Great Moments in Comics History: The Dark Knight Returns Subscription Ad

Usually I post a funny out of context panel from an old comic and use the title of this feature in an ironic fashion, but as I was looking through an old issue of Justice League of America from 1986 I was struck by this ad soliciting subscriptions for the upcoming mini-series, The Dark Knight Returns. It’s a relatively innocuous ad touting a new Batman mini-series in a special format. No indications given that it would, along with Watchmen, shake the foundations of modern American comics. There’s a certain poignant innocence about it.


  1. I would love this on a t-shirt. Or a giant framed print.

  2. $3 cover price.  Wow.  That must’ve seemed pretty damn pricy at the time.

  3. it sounds like (at the time in ’86) DC was taking a chance with the format,price and quality,that they wanted to get advance sales.
    I would think this along with Watchmen is their best selling trade ever.

  4. Hmm. This is interesting. I like your reasoning, Conor. “Poignant innocence” indeed.

    Only 1,200 copies?! Am I crazy or does that seem like a small number? Anyone know how quickly this sold out? I was four.

    “… at their gritty best.” Goddamn right.

  5. kind of like that old expression about having no idea that history is happening when its right in front of you. 

    I’m always fascinated by older comic ads. The ones that solicit truely epic runs like this or the Watchmen ads…its just really cool because we just had no idea.

    Also the design of them are really fun. There was real craft and artistry in them, whereas now they are some of the worst examples of desktop publishing….complete afterthoughts by an overworked production team. 

  6. so does anyone know if this book was anygood?

  7. They ran a similar (or exact same) add in Rolling Stone magazine if my memory serves me correctly. 

    This was Frank Miller’s first project following Ronin.  Ronin was not a smash hit (at least in my part of the country).  It was truely a book ahead of its time, but retailers were sitting on unsold copies.  Also, Batman was a character who a lot of fans felt was dated and not exciting back in the mid 80s.  All of these factors resulted in a feeding frenzy when the 1st issue was released.

    $2.95 a lot back then but it was on good paper stock with a very heavy cover and square bound.   I was a freshman in college.  It was a great time to be a comic collector.


  8. I feel so innocent.

  9. I remember this advert well.

  10. It has that “God, I hope this works” feel about it that most classics do beore they are released.

  11. This is a nice bit of nostalgia.

    Conor, if you ever come across any of those crazy mail-order pages of weird items, please post one. I swear I remember seeing one where you could order a live monkey. Really.

  12. @kennyg ….sea monkey(scary,naked)

  13. I remember contemplating sending this in. I was kind of freaked out when it said “Not available through newsstands” but then my comic shop guy assured me he would get it. I didn’t know there was a difference between comic shops and newsstands then.

  14. I bought Dark Knight #1 at a newsstand, so the ad was not entirely accurate.

  15. @MikeFarley I think this meant on spinner racks.  Are you saying you bought is at a comic shop (direct market)? If so, I agree becauset was definitely sold there.  But I don’t think you could get it on shelves at groceries, drug stores, book stores like Waldenbooks and others back in the day.

    @WheelHands there were only 1,200 subscriptions but a great many more sold on the direct market through comic shops.

  16. @Jesse1125  No, this wasn’t sea monkeys – it was for an actual primate. At least that’s how I remember it (but I did party a lot in college).

    I did actually order and receive a live “chameleon” (actually an anole), a live seahorse, and a live venus flytrap from the ads in the back of comic books.

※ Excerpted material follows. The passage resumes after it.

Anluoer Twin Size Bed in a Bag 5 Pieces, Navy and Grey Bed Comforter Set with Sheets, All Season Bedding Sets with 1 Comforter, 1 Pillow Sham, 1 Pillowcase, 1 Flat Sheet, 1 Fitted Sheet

    It wasn’t the drugs, you COULD order a monkey!

  18. @kennyg HOLY $&@! a Spidermonkey for $13.95 with cage? I never saw that before.
    crazy ass ’80s!

  19. @Jesse1125  That was the 70s, actually. The government outlawed importing monkeys as pets in 1975.

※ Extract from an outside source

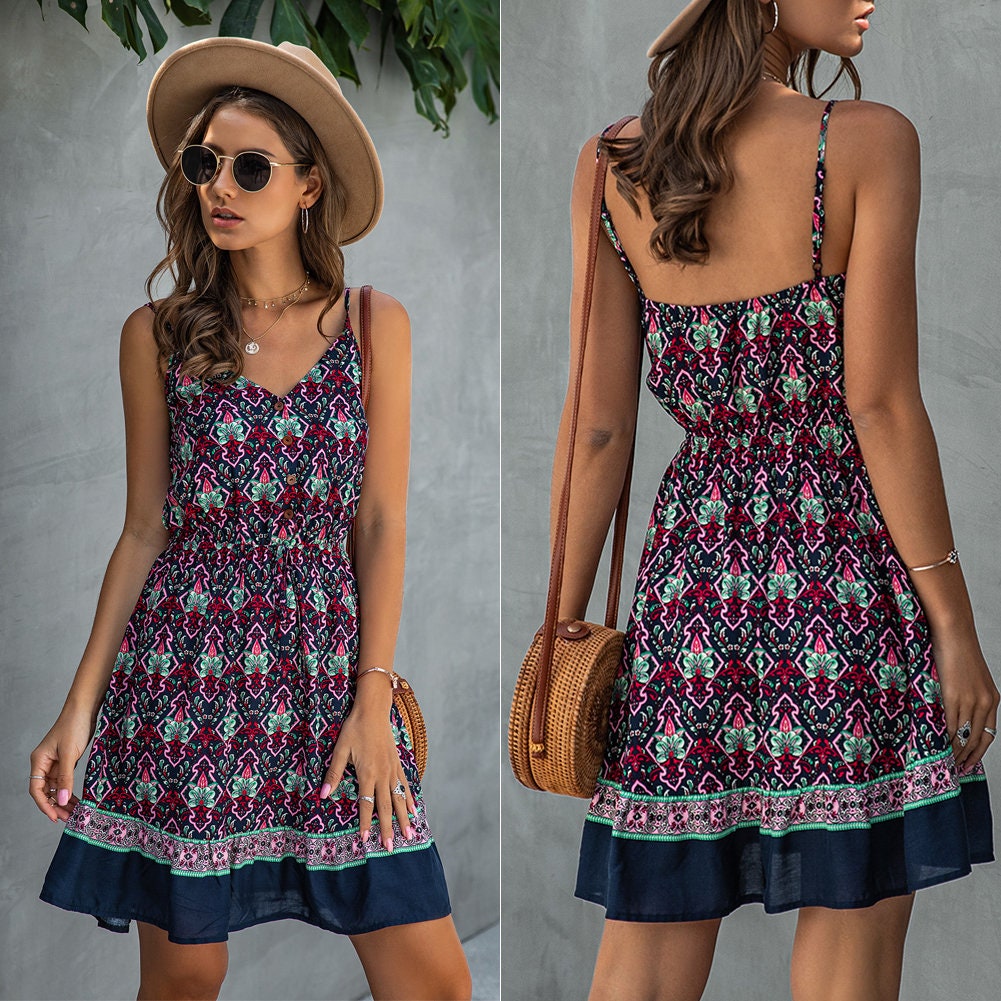 Floral Elegance V-Neck Dress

    Sorry to hijack this article with monkeys, but… Hell, it’s MONKEYS! Monkeys make everything better!

  20. ah, i can smell the paper

  21. 1986, how about Didio flashback to that era instead of the 90’s to reboot DC.  

  22. @Jesse1125  You would think either this or Watchmen would be DC’s best selling trade ever, but I actually saw an ad for the Death of Superman TPB that said it was the “best selling graphic novel of all time.” That actually seems wrong to me, though. I can’t imagine that trade selling better than DKR or Watchmen, but maybe it was? Anyone know?

  23. @JohnVFerrigno  I bet Dark Phoenix Saga is up there.

  24. I’ve read the “best selling graphic novel of all time” moniker for DOS takes into account the individual issues sold. I ran across a recent listing of all-time trade sales for DC and it wasn’t in the top 5. Watchmen, DKR, and one of the Sandman trades were.